Here is an interesting write up from the "bears" point of view.

<<02 May 07:35

By Stacey L. Bradford
Of SMARTMONEY.COM

THE JOKE WAS ON INVESTORS in April. Higher energy prices, rising inflation, a
slowing economy and some disappointing earnings reports sent stocks into a
tailspin, touching lows not seen since before the presidential election.

And yet a handful of our pundits came out swinging last week, arguing that
with prices so low surely the market had hit bottom - or at least close to it.

As the S&P 500 continues to struggle - it's up a scant 1% since last Monday -
we think it's time to give the bears their chance to speak. After all, they're
the ones who've been right this year.

You won't find Merrill Lynch's Richard Bernstein predicting a rally in the
near future. Asked when the slowdown in growth and profit expectations might
improve, the gloomy strategist tells investors it won't be anytime soon.

Just look at the flattening yield curve, he writes in a note dated April 15.
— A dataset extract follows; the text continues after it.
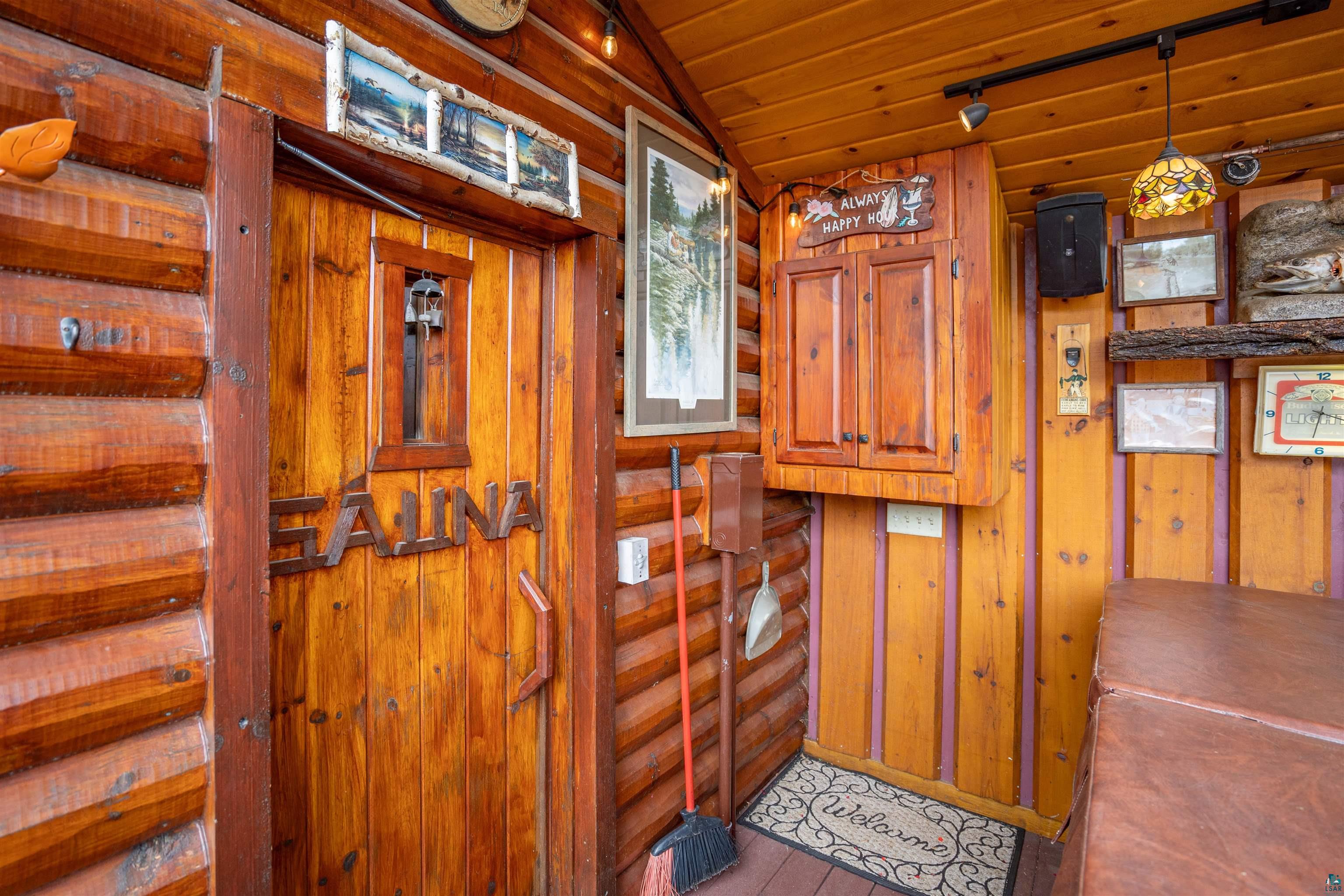 11911 East Rowe Road Lake Nebagamon, WI 54849 - Photo 36 of 61 Wood-paneled sauna door with decorative 'SAUNA' inscription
When the yield curve flattens significantly, it implies slower-than-normal
growth for the economy in coming months. "Although some observers are already
suggesting that the economy will re-accelerate and the correction in cyclical
issues is near an end, the yield curve continues to suggest otherwise," he
writes. The upside? At least the yield curve isn't inverted. When that happens,
investors should prepare for a recession.


ISI Group's Ed Hyman agrees that the economy is slowing. He points out in a
note dated April 28 that real year-over-year GDP growth peaked one year ago at
5%. Over the past year, GDP increased by just 3.6%. And with the lagged effects
of oil and Fed interest rate hikes, GDP growth is likely to continue to slow
over the upcoming 12 months, he says. Hyman expects just 2% real GDP growth
during the second half of 2005 and the first quarter of 2006
- a level
insufficient to create jobs, say most economists.

Now for our biggest bear, Pimco's Bill Gross. It wasn't long ago that the
bond guru warned investors that the Dow Jones Industrial Average was more
likely to hit 5000 than to stay above 10000. He has admitted to blowing that
call. (We always like a pundit who shows humility.)
But that hasn't changed his
bleak outlook. While he's no longer predicting doomsday, he warns that the days
of 10% annual returns from the stock market are over for now. He says, it's
more realistic to expect 5+% nominal returns from equities and just 2% real
returns (after inflation).

According to Gross, the slide in real interest rates has pumped up all asset
prices, since they're all being discounted by an extremely low real interest
rate. "The current level has produced double-digit annual rates of appreciation
for different asset classes at varying cycles - stocks and bonds first -
commodities, collectibles and housing with a lag," he writes. Real bond yields,
whether they be short term or further out the curve, bottomed in 2003, and have
been moving higher ever since. "Not only has the downward journey ended, but a
mini up-cycle appears to be underway, which ultimately reduces bond prices
[and] stock P/Es and casts a negative pall on other asset classes."
Is Gross just piling on here? (After all, have you ever seen a positive
pall?) Perhaps not. He does expect housing prices to appreciate in line with
inflation and perhaps a touch beyond that based on mild demographic pressure.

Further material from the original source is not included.